» **Data below**
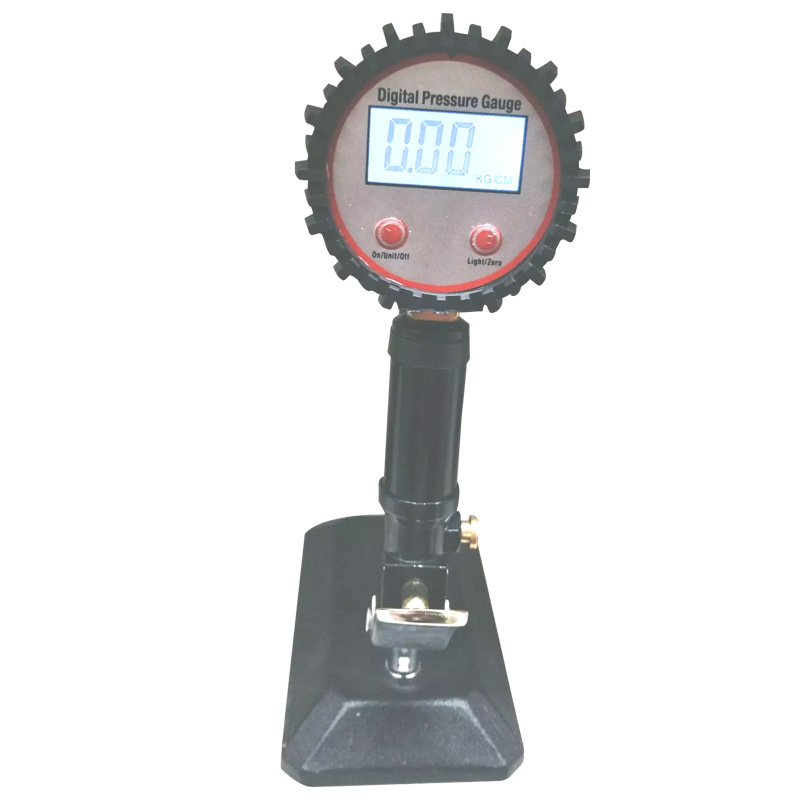 Manometru digital pentru pneuri cu iluminare, interval 0-10 bar, rezoluție 0,5 psi, alimentare cu baterie AAA, afișaj în mai multe unități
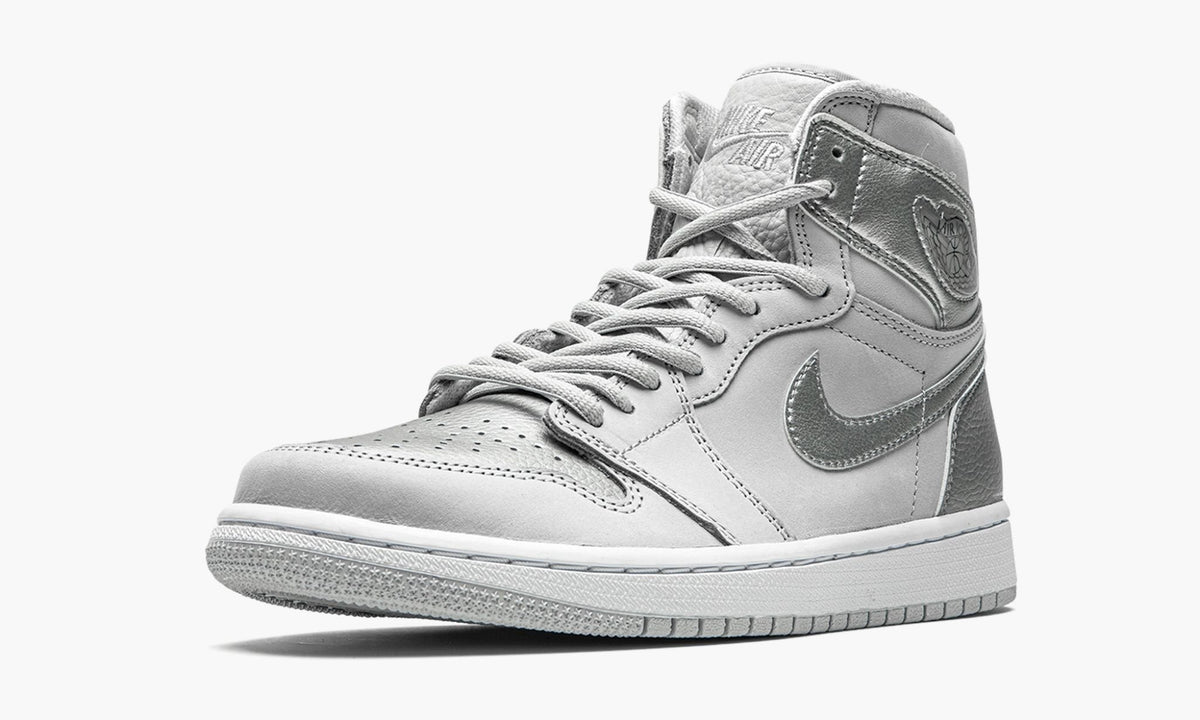 "Metallic Silver" Air Jordan 1 Retro High CO.JP - product image from the listing.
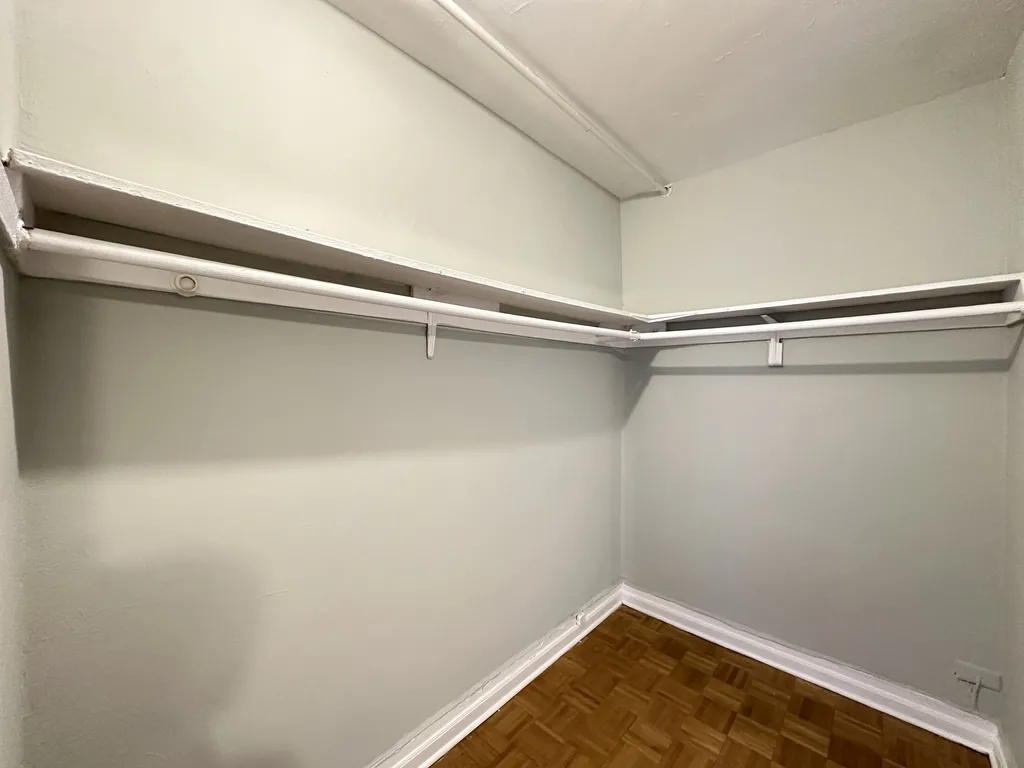 711 W Belmont Ave, , 60657, USA 60657-unit#306-Chicago-IL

» **What you should do**
The answer should hold every line of the listing, copied exactly, with no pictures.

» **Solution for this exercise**
 Manometru digital pentru pneuri cu iluminare, interval 0-10 bar, rezoluție 0,5 psi, alimentare cu baterie AAA, afișaj în mai multe unități
 "Metallic Silver" Air Jordan 1 Retro High CO.JP - product image from the listing.
 711 W Belmont Ave, , 60657, USA 60657-unit#306-Chicago-IL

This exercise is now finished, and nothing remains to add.